### SUPPLIED DATA
..............................
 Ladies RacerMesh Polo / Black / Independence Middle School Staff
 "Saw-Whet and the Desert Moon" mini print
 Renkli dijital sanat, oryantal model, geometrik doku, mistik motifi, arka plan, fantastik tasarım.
..............................
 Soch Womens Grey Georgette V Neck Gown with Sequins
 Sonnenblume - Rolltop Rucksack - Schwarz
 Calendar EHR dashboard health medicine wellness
..............................
### DIRECTIONS
Here the job is to set down exactly the lines of the material above that fall between the one with "Soch Womens Grey" and the one with "Calendar EHR dashboard", inclusive, and nothing beyond them.

### PROBLEM SOLUTION
 Soch Womens Grey Georgette V Neck Gown with Sequins
 Sonnenblume - Rolltop Rucksack - Schwarz
 Calendar EHR dashboard health medicine wellness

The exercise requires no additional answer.